◆ **Task description**
After locating the line that contains "2022 SUBARU Forester", transcribe exactly that line and each one after it until the data ends, skipping pictures.

========================

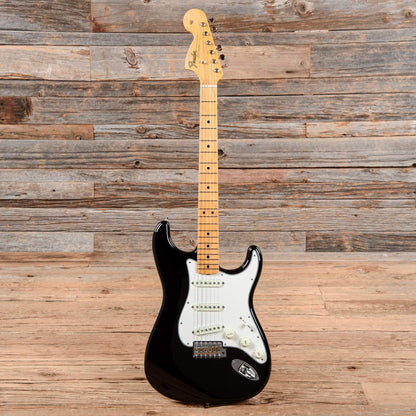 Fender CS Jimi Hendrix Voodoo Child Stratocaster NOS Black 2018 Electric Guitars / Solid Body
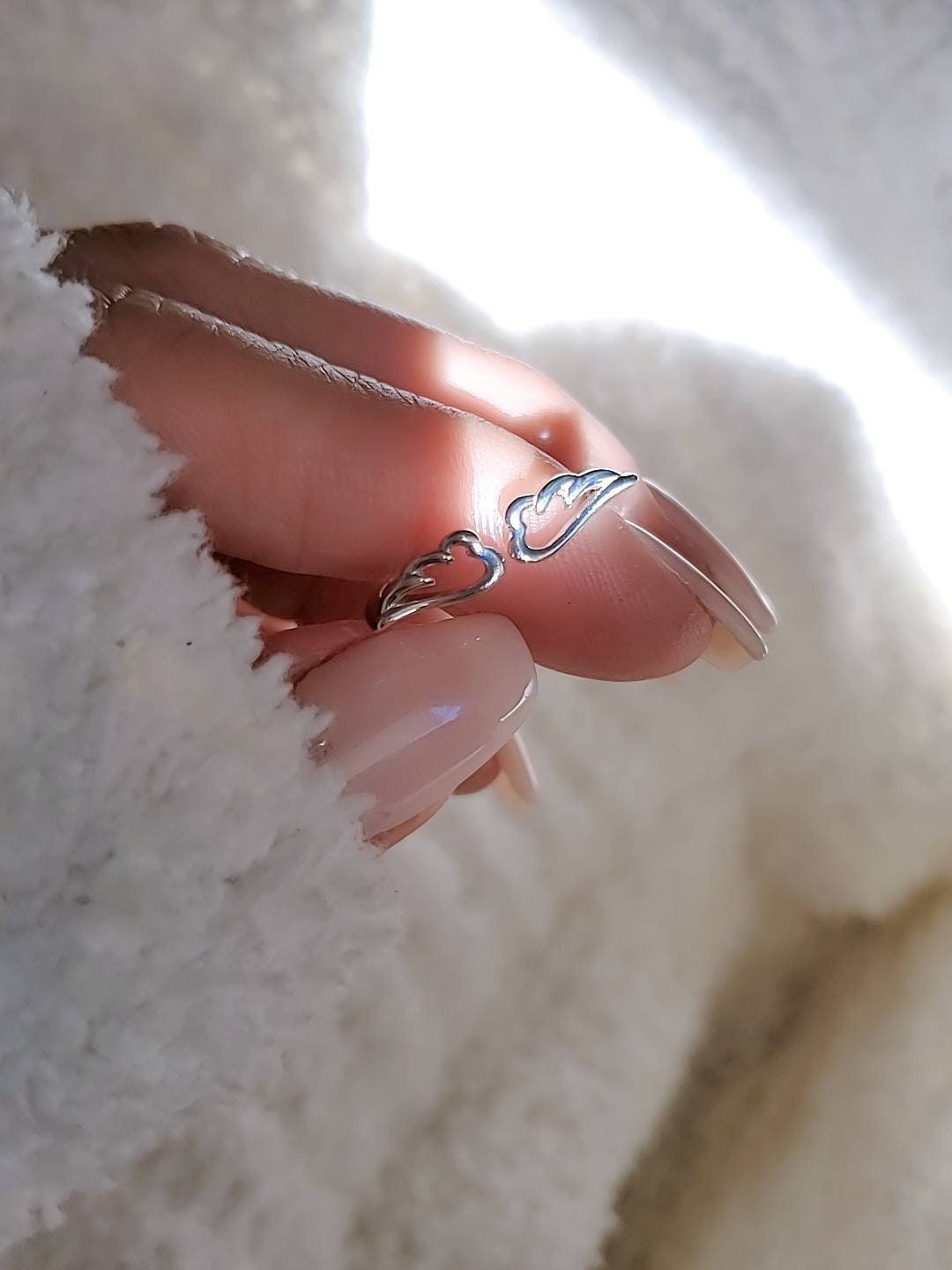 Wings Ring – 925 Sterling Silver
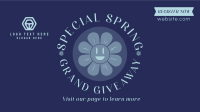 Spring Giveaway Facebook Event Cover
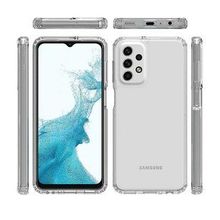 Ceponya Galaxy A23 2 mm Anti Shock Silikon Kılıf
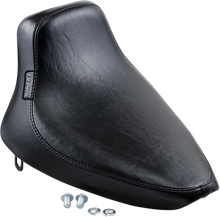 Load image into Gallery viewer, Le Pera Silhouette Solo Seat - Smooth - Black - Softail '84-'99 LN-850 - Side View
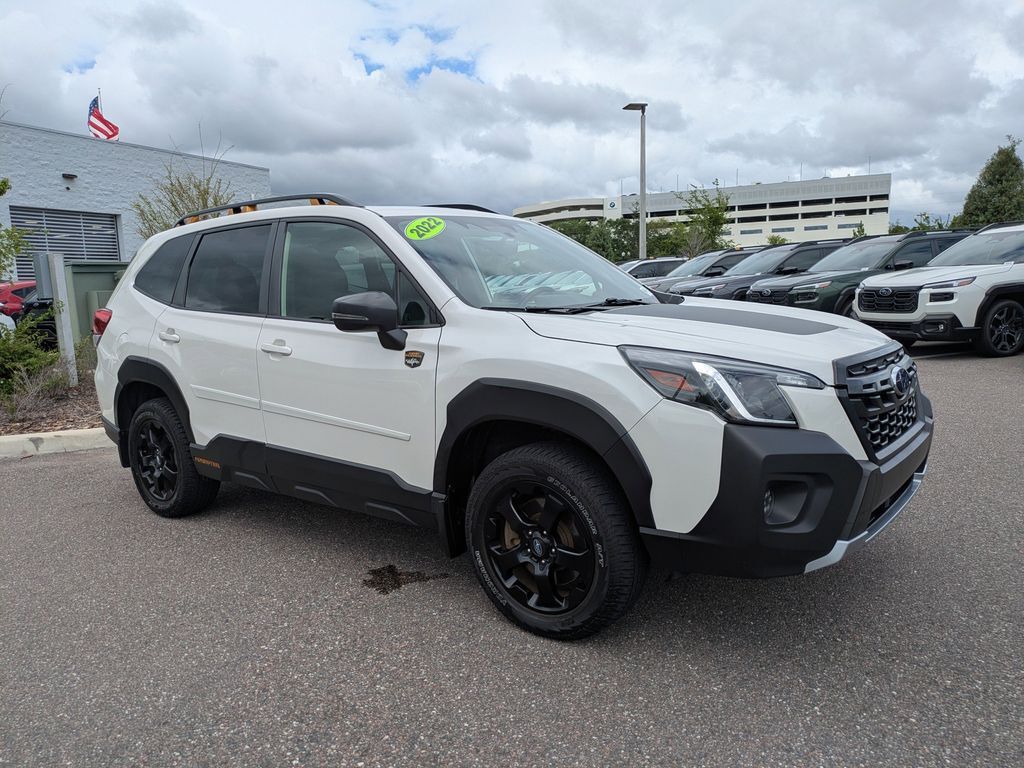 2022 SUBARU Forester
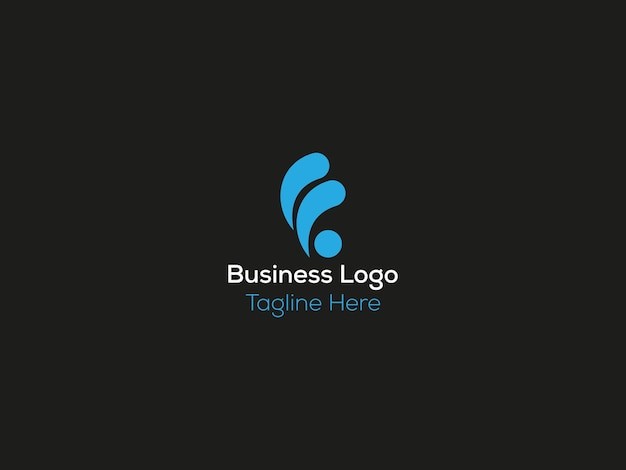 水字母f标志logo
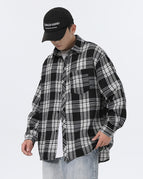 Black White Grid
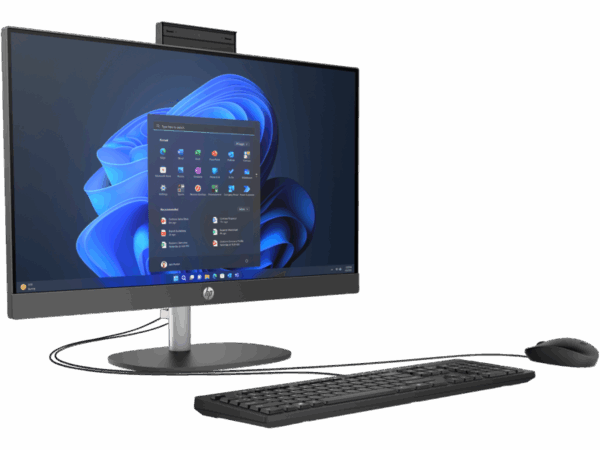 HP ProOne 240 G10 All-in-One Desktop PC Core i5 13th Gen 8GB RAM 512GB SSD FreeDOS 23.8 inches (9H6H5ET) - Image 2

========================

◆ **Result**
 2022 SUBARU Forester
 水字母f标志logo
 Black White Grid
 HP ProOne 240 G10 All-in-One Desktop PC Core i5 13th Gen 8GB RAM 512GB SSD FreeDOS 23.8 inches (9H6H5ET) - Image 2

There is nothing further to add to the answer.